Their mean age was 67 ± 13 years The mean value of initial maxi

Their mean age was 67 ± 13 years. The mean value of initial maximum aortic jet velocity in total patients was 2.92 ± 0.81 m/s. The AVS was mild in 207 of 326 patients (63%), moderate in 81 (25%), and severe in 37 (12%). One hundred ninety three patients (59%) had hypertension, 93 (29%) were dia-betics, 53 (17%) were current smokers, and 144 (45%) had hypercholesterolemia. There were no significant differences among the three groups in terms of age, gender, hypertension, smoking, and hypercholesterolemia. The LVMI Inhibitors,research,lifescience,medical was larger in severe AVS (125.4 ± 34.5 g/m2) compared to moderate (121.7 ± 34.1 g/m2) and mild (111.6 ± 32.3 g/m2) (p = 0.013). BAV was present in 41 (13%) and more frequent

in severe AVS than in moderate Inhibitors,research,lifescience,medical and mild AVS (32% vs. 19% vs. 7%, p < 0.001). Table 1 and ​and22 show initial clinical and echocardiographic

characteristics in each group, respectively. Table 1 Clinical characteristics Table 2 Echocardiographic parameters Progression rate of aortic valvular stenosis The mean interval of the echocardiographic studies was 28 ± 13 months. Over this period of time, the maximum aortic jet velocity increased from 2.92 Inhibitors,research,lifescience,medical ± 0.81 to 3.19 ± 0.99 m/s and the annual progression rate of maximum aortic jet velocity was 0.12 ± 0.23 m/s/yr, indicating a wide variability in AVS progression. The annual progression rate was more rapid in severe AVS (0.28 ± 0.36 m/s/yr) compared to moderate (0.14 ± 0.25 m/s/yr) and mild AVS (0.09 ± 0.18 m/s/yr) (p < 0.001) (Fig.

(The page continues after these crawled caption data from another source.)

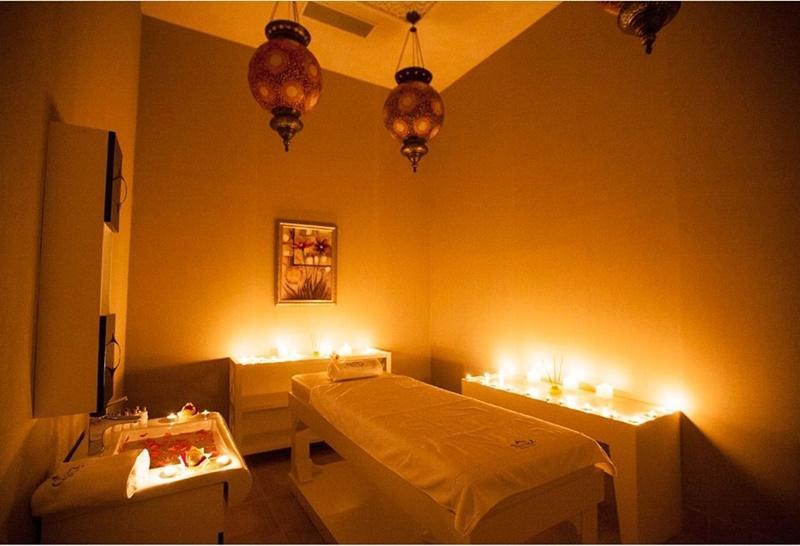 Qafqaz Karvansaray Hotel Gabala Ngoại thất bức ảnh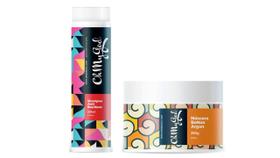 Ohmygod shampoo anti residuo + máscara bottox argan Ohmygod shampoo anti residuo + máscara bottox argan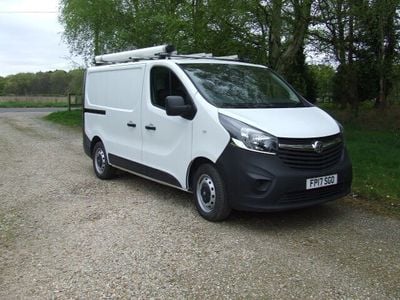 Vauxhall Vivaro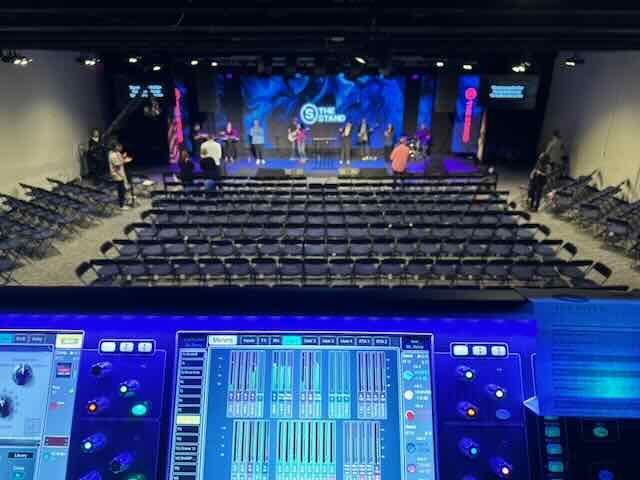 Revival Ministries International  Studio B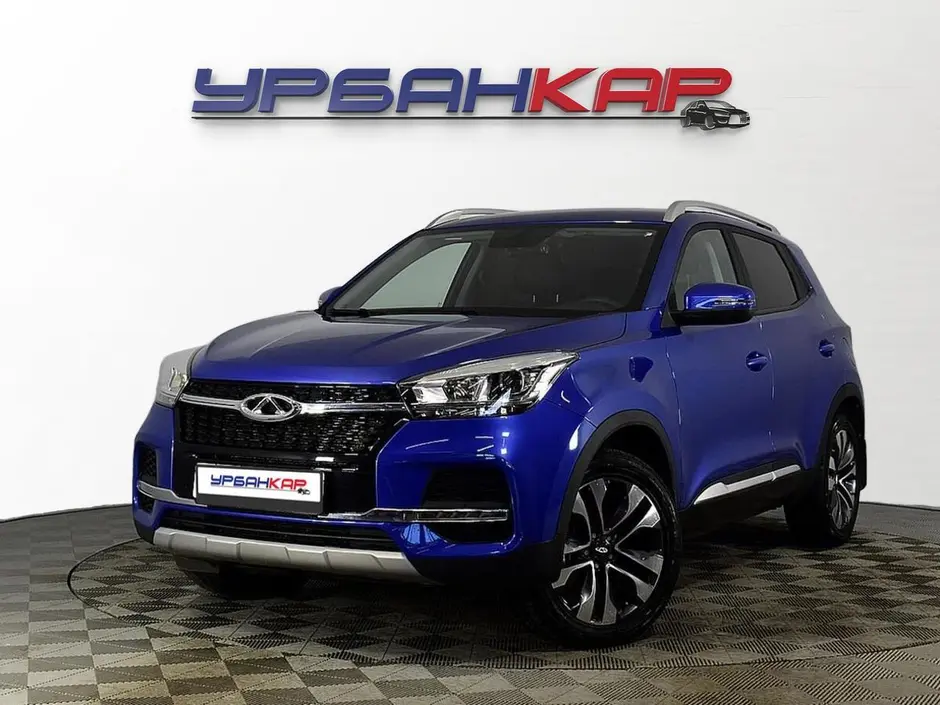 Chery Tiggo 4, 2021 г.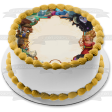 Land of Stories Book Series Book Various Characters Edible Cake Topper Image Frame ABPID57653 Online Sale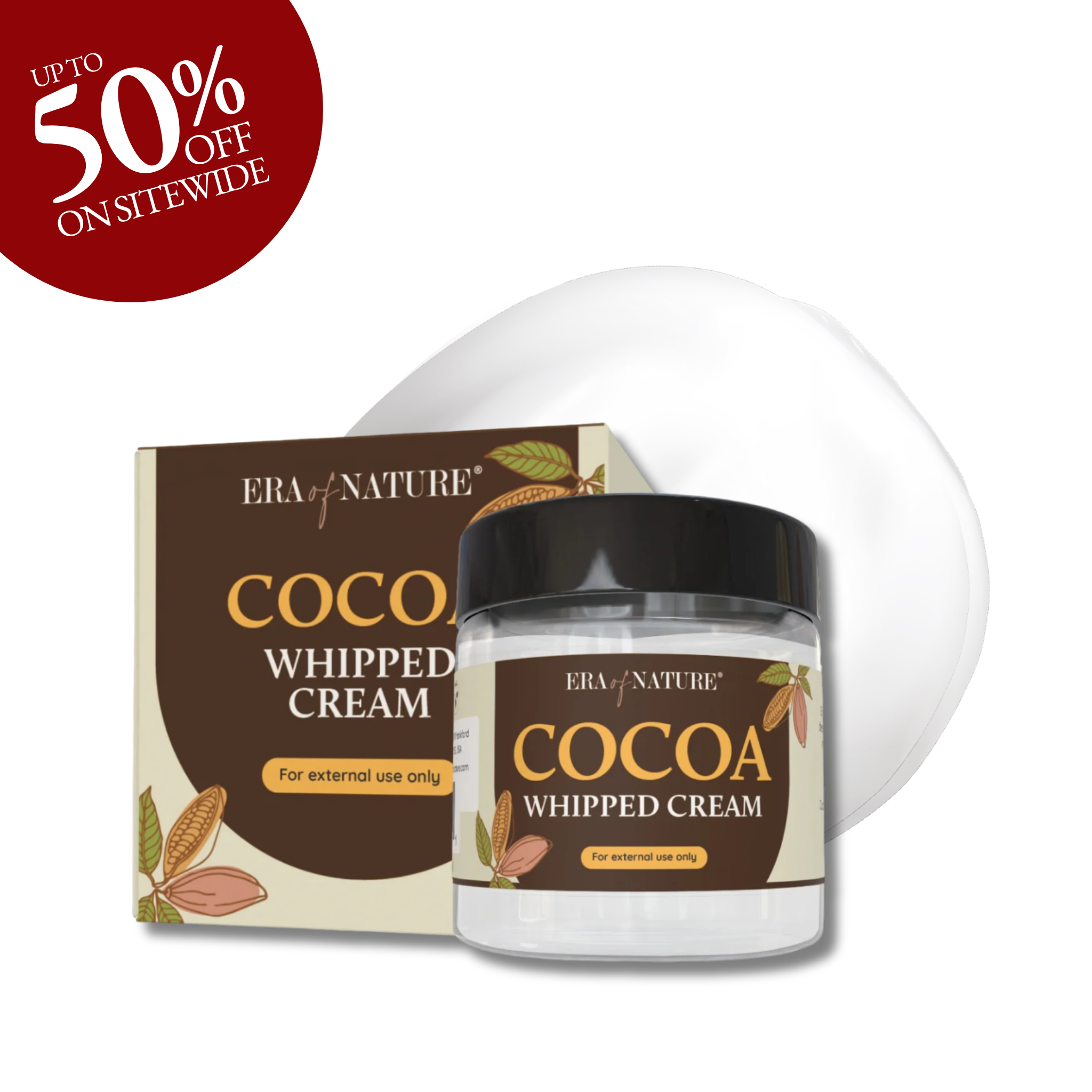 Cocoa Face Scrub 4oz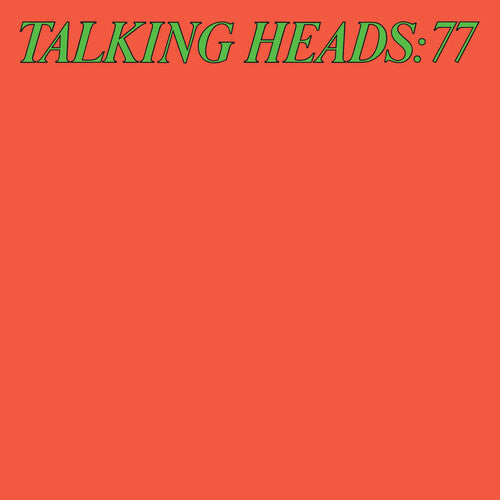 The Talking Heads - Talking Heads: 77 (Vinilo)
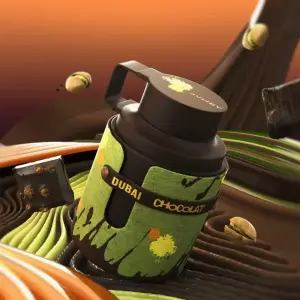 Q-325U Odyssey Dxb Chocolat -100Ml MS Department Store Oman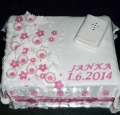 Torta Torta na 1 sv. prijímanie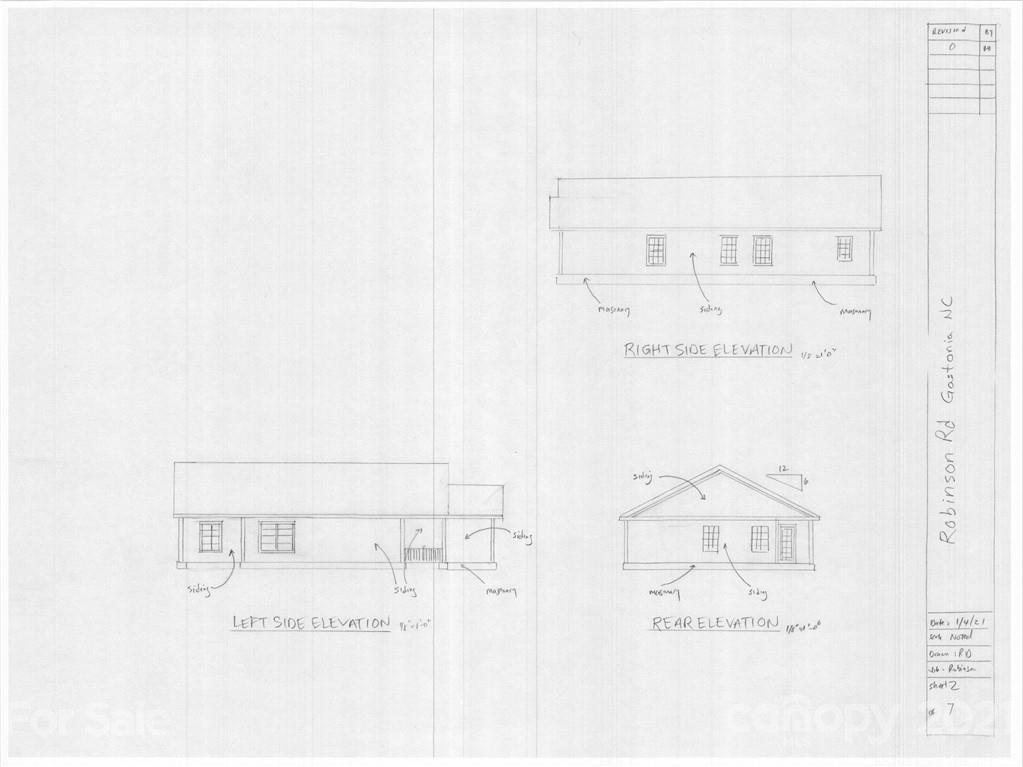 428 Robinson Road Gastonia, NC 28056 - Photo 6 of 7 Gallery Image 6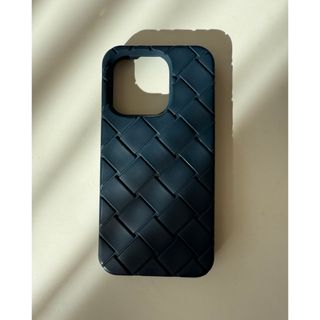 BOTTEGA VENETA(iPhoneケース ・ ブラック/黒色系)のフリマ BOTTEGA VENETA(iPhoneケース ・ ブラック/黒色系)のフリマ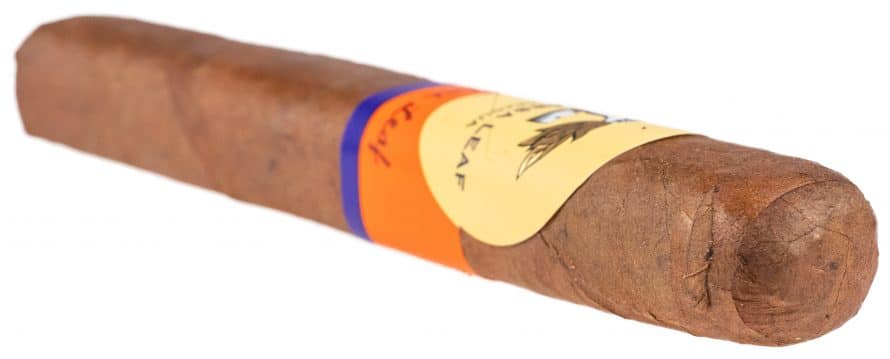 Blind Cigar Review: Aganorsa Leaf | Supreme Leaf Toro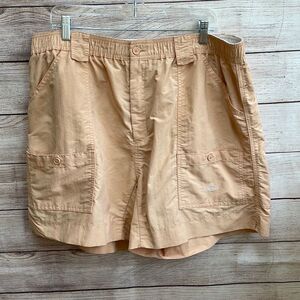 AFTCO SHORTS IN PEACH‎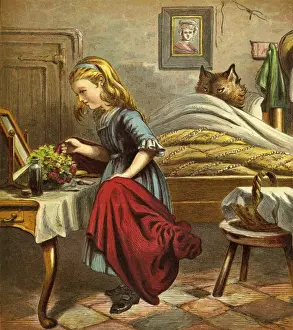 Little Red Riding Hood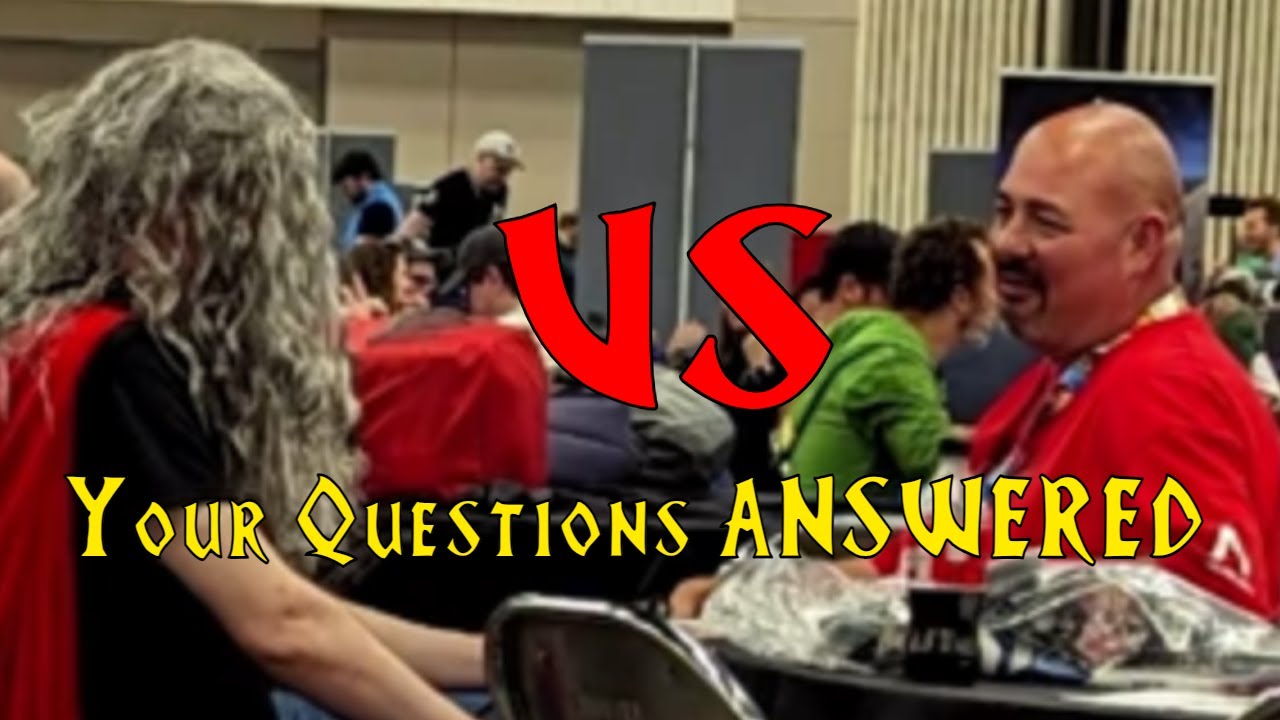 Home of HeroQuestFans EXCLUSIVE GenCon 2023 Interview with AVALON HILL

1). The progression rate in bicuspid AVS was significantly higher Inhibitors,research,lifescience,medical than that of tricuspid AVS (0.23 ± 0.35 vs. 0.11 ± 0.20 m/s/yr, p = 0.001) (Fig. 2). Fig. 1 Progression rate of maximum aortic jet velocity according to AVS severity. Bars, mean ± SD. A p value indicates difference between groups based on scheffe’s multiple comparison test. AVS: aortic valvular stenosis. Fig. 2 Progression rate of maximum aortic jet velocity with and without bicuspid aortic Inhibitors,research,lifescience,medical valve. Bars, mean ± SD. AVS: aortic valvular stenosis. Comparison of rapid and slow Cell Cycle inhibitor progressors At a mean increase in maximum aortic jet velocity per year of 0.12 m/s, the patients were dichotomously divided into rapid (≥ 0.12 m/s/yr) and slow progressors (< 0.12 m/s/yr). As shown Thiamine-diphosphate kinase in Table 3, the rapid progressor had higher initial maximum aortic jet velocity (p = 0.002), higher mean transvalvular gradient (p < 0.001), smaller AVA (p = 0.007), and lower E velocity (p = 0.018). Table 3 Comparison of rapid versus slow progressors of aortic valvular stenosis Multiple regression analysis for factors associated with AVS progression A stepwise multiple regression analysis was carried out to identify the factors which were associated with the increase in maximum aortic jet velocity per year. In univariate analysis, the progression rate of AVS was significantly related to BAV, creatinine, initial maximum aortic jet velocity, LV end-diastolic dimension, left atrial dimension, and E velocity.